• ACTION ITEM: For the listing below, the answer is an exact retyping of the lines from the one with "Resale - Piso" through the one with "Bici Fixie Negra con llantas alternativas", both included, without pictures.

• DATASET EXCERPTS:
----

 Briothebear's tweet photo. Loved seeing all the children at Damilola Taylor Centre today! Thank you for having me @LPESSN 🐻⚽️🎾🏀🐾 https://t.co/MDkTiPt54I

----

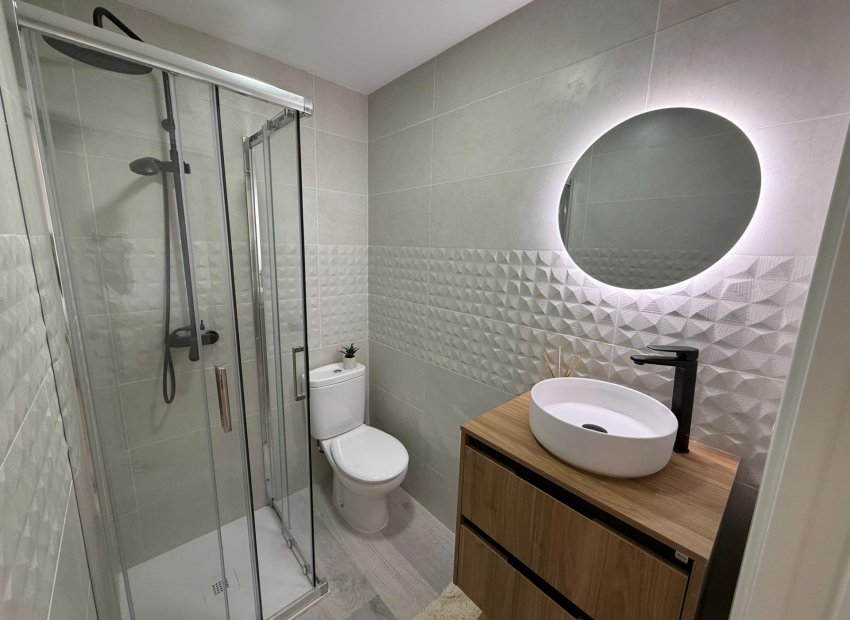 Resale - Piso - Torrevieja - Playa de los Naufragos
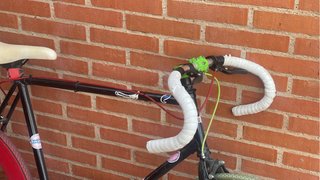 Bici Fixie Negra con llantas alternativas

----

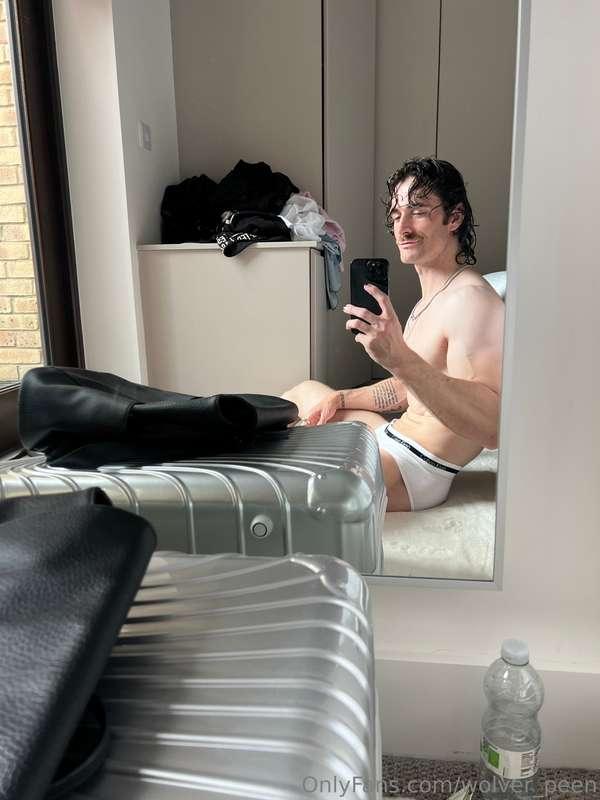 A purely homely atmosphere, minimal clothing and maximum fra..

----

• EXERCISE OUTPUT:
 Resale - Piso - Torrevieja - Playa de los Naufragos
 Bici Fixie Negra con llantas alternativas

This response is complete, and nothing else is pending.